==== Given entries ====

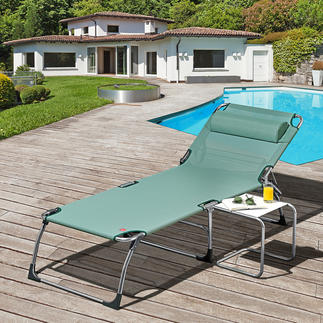 XXL Three-legged Sunbed Extra high, extra long, extra wide. XXL aluminium three-legged sunbed for extra comfort.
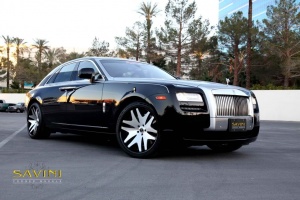 2011 Rolls-Royce Ghost with 22x9.5 Savini SV-36c wheels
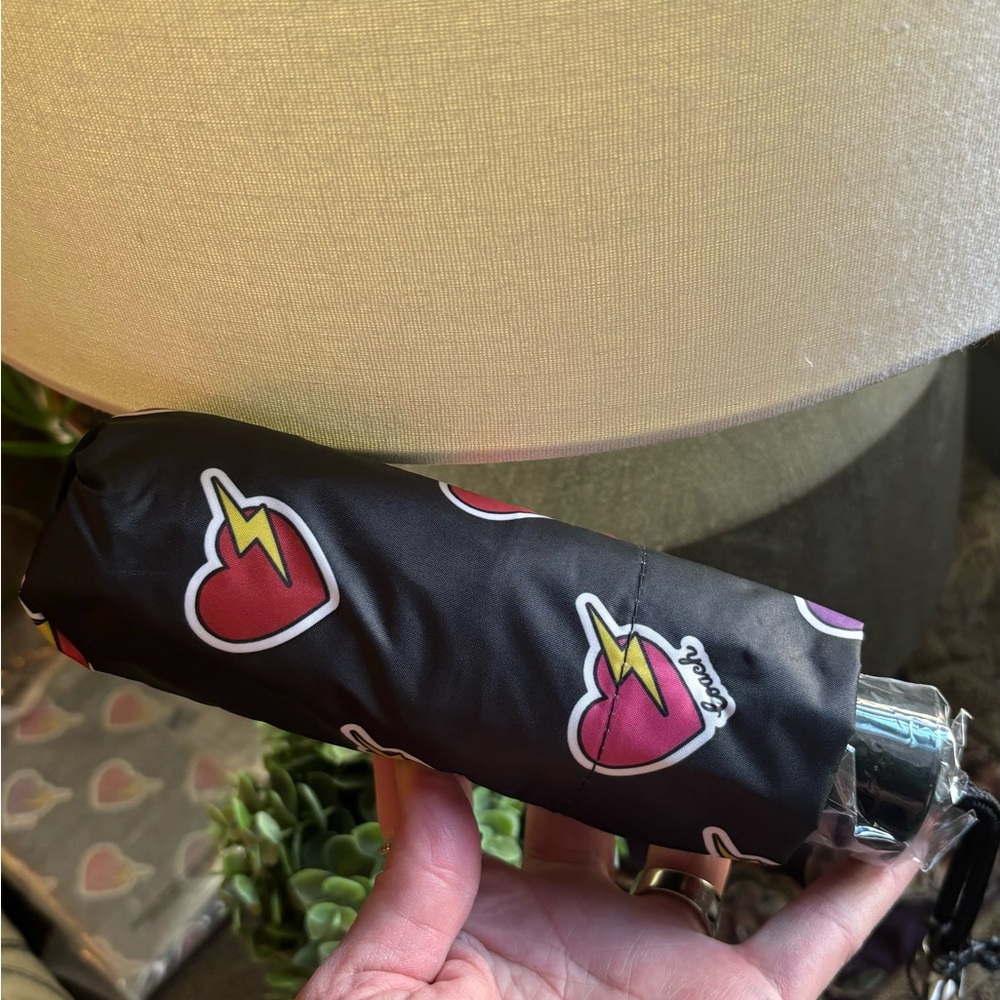 Authentic COACH signature hearts❤️ print small retractable umbrella wristlett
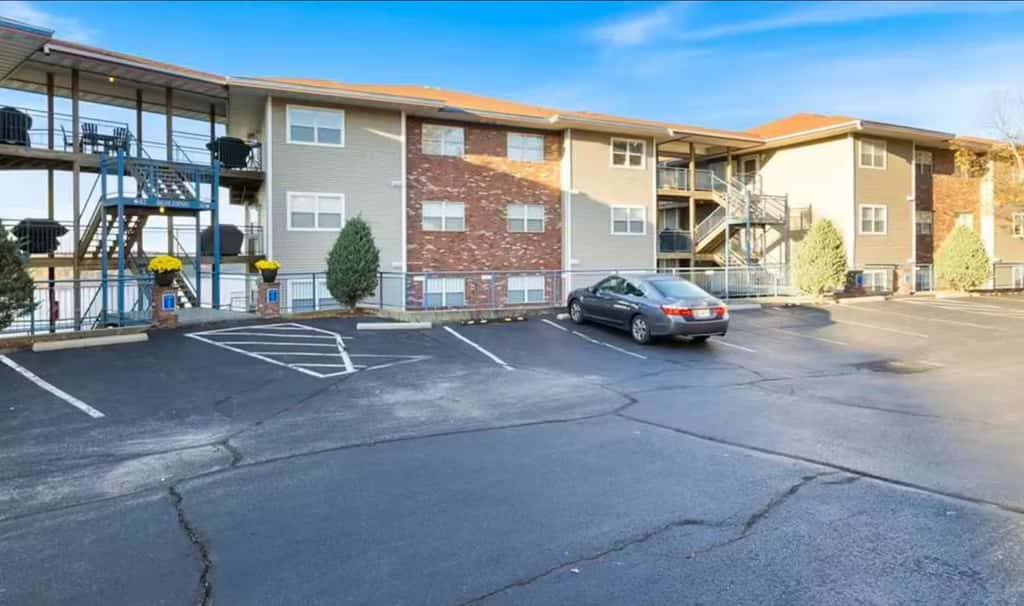 Bright 3BR Condo - Lake Views - Community Pool
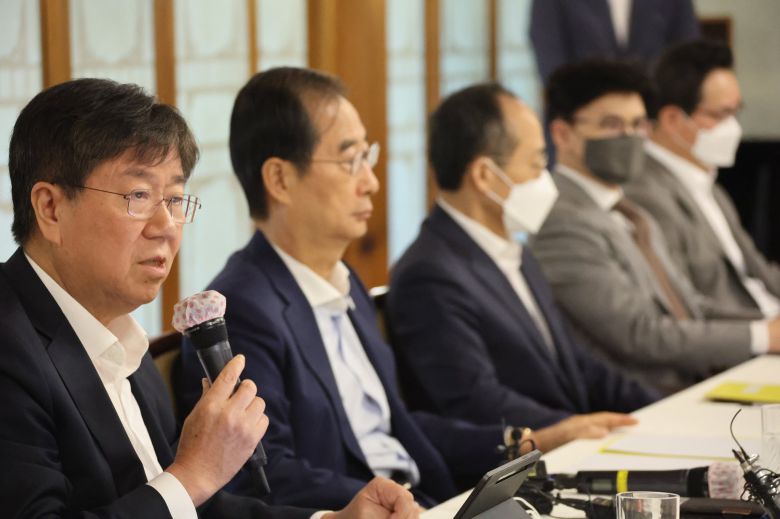 김대기 대통령비서실장이 25일 서울 삼청동 총리공관에서 열린 고위 당정 협의회에서 발언하고 있다. 국회사진기자단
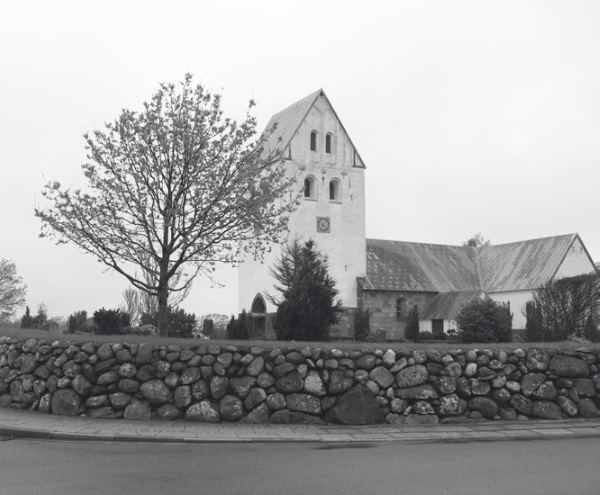 Иллюстрация к книге — Дом на хвосте паровоза. Путеводитель по Европе в сказках Андерсена [i_135.jpg]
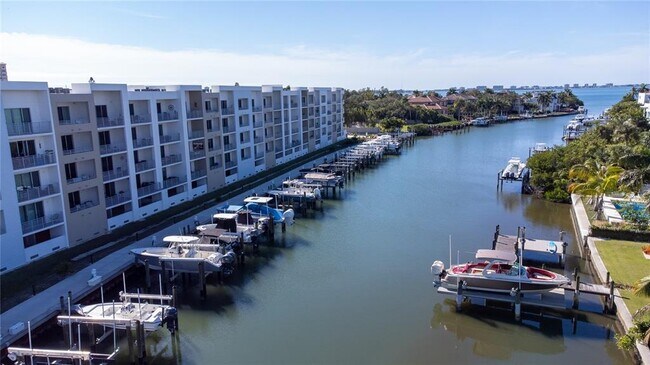 Building Photo - 1709 N Tamiami Trl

====

What you have to do:
An exact restatement of the entries above is needed; no picture may appear in it.

Task result:
 XXL Three-legged Sunbed Extra high, extra long, extra wide. XXL aluminium three-legged sunbed for extra comfort.
 2011 Rolls-Royce Ghost with 22x9.5 Savini SV-36c wheels
 Authentic COACH signature hearts❤️ print small retractable umbrella wristlett
 Bright 3BR Condo - Lake Views - Community Pool
 김대기 대통령비서실장이 25일 서울 삼청동 총리공관에서 열린 고위 당정 협의회에서 발언하고 있다. 국회사진기자단
 Иллюстрация к книге — Дом на хвосте паровоза. Путеводитель по Европе в сказках Андерсена [i_135.jpg]
 Building Photo - 1709 N Tamiami Trl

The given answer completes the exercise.